Manajer Banteng Jatim FC Daniel Rohi menjelaskan bahwa pihaknya menggelar seleksi secara bertahap di lima regional untuk menjaring talenta dari berbagai wilayah di Jawa Timur. Setiap titik seleksi mencakup sejumlah kabupaten/kota di sekitarnya.
Seleksi dimulai di Banyuwangi pada 28 Februari 2026 yang menjaring pemain dari wilayah Banyuwangi dan sekitarnya. Selanjutnya digelar di Blitar pada 7 Maret 2026 untuk wilayah Blitar Raya dan daerah sekitar. Setelah itu, seleksi berlanjut di Malang pada 8 Maret 2026 yang mencakup pemain dari Malang, Probolinggo, Pasuruan, dan Kota Batu.
Kemudian dilaksanakan di Bangkalan pada 14 Maret 2026 untuk menjaring talenta dari Bangkalan, Sampang, Pamekasan, dan Sumenep. Rangkaian seleksi akan dipungkasi di Surabaya pada 28 Maret 2026 yang mencakup wilayah Surabaya, Gresik, Sidoarjo, Mojokerto, Jombang, Madiun, Ngawi, Magetan, Lamongan, Bojonegoro, hingga Tuban.
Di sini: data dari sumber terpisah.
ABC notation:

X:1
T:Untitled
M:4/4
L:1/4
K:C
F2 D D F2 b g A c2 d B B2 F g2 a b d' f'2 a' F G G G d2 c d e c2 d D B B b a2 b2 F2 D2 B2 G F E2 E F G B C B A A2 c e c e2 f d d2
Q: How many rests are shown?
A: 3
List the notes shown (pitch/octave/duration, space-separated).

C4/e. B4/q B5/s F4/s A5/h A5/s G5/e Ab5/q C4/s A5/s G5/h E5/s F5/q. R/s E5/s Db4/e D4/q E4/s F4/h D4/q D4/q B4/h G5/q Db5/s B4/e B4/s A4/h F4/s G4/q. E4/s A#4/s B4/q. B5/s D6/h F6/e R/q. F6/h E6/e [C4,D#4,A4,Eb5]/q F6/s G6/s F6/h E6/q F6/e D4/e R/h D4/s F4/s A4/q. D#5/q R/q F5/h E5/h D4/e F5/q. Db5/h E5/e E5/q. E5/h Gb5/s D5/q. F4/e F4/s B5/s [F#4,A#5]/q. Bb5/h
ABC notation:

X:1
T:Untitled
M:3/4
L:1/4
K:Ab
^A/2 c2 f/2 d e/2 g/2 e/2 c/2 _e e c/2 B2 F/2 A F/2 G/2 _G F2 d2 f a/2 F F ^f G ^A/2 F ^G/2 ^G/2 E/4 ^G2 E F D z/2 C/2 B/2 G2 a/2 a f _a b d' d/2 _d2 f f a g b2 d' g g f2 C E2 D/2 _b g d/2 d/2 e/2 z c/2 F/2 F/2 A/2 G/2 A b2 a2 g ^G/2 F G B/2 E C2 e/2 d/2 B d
Daniel Rohi menyampaikan bahwa pihaknya sangat mengapresiasi antusiasme para peserta. Di Blitar, dari 300 pemain yang mengikuti seleksi, mereka berharap bisa mendapatkan komposisi pemain terbaik yang siap membawa Banteng Jatim FC melanjutkan tradisi prestasi sebagai juara bertahan dalam ajang tersebut.
Ia menjelaskan bahwa seleksi tidak hanya melihat kemampuan teknik individu, tetapi juga kedisiplinan, karakter, dan kerja sama tim. “Kami mencari pemain yang tidak hanya berbakat secara teknik dan memiliki keunggulan individu, tetapi juga memiliki kemampuan bermain sebagai sebuah tim. Dalam turnamen seperti Soekarno Cup, kekompakan tim menjadi faktor penting,” ujarnya.
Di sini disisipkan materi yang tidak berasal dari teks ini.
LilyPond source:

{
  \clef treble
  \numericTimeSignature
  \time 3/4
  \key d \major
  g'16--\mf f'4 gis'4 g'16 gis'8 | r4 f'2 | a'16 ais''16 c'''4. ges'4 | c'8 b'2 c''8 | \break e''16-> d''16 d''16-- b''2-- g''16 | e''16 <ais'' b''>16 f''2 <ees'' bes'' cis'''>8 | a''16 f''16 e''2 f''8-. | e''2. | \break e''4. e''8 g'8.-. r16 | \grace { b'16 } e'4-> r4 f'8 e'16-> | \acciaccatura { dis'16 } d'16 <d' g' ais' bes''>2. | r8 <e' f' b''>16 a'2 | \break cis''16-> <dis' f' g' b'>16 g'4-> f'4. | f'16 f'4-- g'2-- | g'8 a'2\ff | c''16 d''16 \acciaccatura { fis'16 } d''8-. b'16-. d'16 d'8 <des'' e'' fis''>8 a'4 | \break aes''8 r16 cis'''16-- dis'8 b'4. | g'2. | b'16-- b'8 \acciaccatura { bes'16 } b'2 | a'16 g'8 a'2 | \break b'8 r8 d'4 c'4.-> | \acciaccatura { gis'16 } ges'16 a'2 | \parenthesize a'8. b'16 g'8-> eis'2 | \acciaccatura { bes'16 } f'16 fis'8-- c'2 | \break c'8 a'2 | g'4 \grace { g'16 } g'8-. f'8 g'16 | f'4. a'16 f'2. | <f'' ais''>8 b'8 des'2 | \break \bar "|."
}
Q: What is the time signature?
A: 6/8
Asisten Manajer Banteng Jatim FC U-17 Eri Irawan menambahkan bahwa dalam proses pembentukan tim nantinya, Banteng Jatim FC akan menerapkan pendekatan sains olahraga agar proses pembinaan pemain berjalan lebih terukur. “Kita akan menggunakan pendekatan sport science. Artinya, pemain akan dipantau secara teknik dan taktik berbasis data yang diolah tim analis, serta pengukuran kondisi fisik seperti daya tahan, kecepatan, dan kekuatan otot.”
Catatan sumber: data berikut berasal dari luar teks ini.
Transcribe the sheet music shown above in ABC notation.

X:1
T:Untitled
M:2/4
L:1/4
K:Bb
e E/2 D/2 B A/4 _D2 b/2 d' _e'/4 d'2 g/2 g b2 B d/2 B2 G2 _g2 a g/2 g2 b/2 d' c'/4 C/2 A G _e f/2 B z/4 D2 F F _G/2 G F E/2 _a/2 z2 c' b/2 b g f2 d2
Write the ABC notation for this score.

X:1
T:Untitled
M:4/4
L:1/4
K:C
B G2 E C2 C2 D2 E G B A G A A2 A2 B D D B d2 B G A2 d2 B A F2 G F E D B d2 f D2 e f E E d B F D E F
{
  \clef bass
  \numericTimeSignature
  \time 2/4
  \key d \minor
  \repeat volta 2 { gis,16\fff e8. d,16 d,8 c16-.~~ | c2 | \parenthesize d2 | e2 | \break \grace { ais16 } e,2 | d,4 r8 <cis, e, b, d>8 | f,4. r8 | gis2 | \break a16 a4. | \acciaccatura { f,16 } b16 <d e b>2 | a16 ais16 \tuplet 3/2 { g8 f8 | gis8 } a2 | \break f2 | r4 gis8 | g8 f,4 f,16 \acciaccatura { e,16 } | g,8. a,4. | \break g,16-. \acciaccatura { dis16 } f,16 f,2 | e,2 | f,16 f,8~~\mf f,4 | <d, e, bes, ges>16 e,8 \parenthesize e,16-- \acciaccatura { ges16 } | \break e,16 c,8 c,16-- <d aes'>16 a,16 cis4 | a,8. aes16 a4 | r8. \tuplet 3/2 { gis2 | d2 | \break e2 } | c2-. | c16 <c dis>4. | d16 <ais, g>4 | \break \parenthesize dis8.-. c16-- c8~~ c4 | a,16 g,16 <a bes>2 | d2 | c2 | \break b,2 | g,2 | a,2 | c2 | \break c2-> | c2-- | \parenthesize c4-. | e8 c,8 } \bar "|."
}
Program latihan juga akan disusun secara periodisasi, mulai dari fase pembentukan fisik, peningkatan taktik, hingga kesiapan pertandingan. “Bahkan aspek pemulihan pemain, nutrisi, dan pencegahan cedera juga menjadi bagian dari perhatian tim sesuai arahan DPD PDI Perjuangan Jatim,” jelasnya.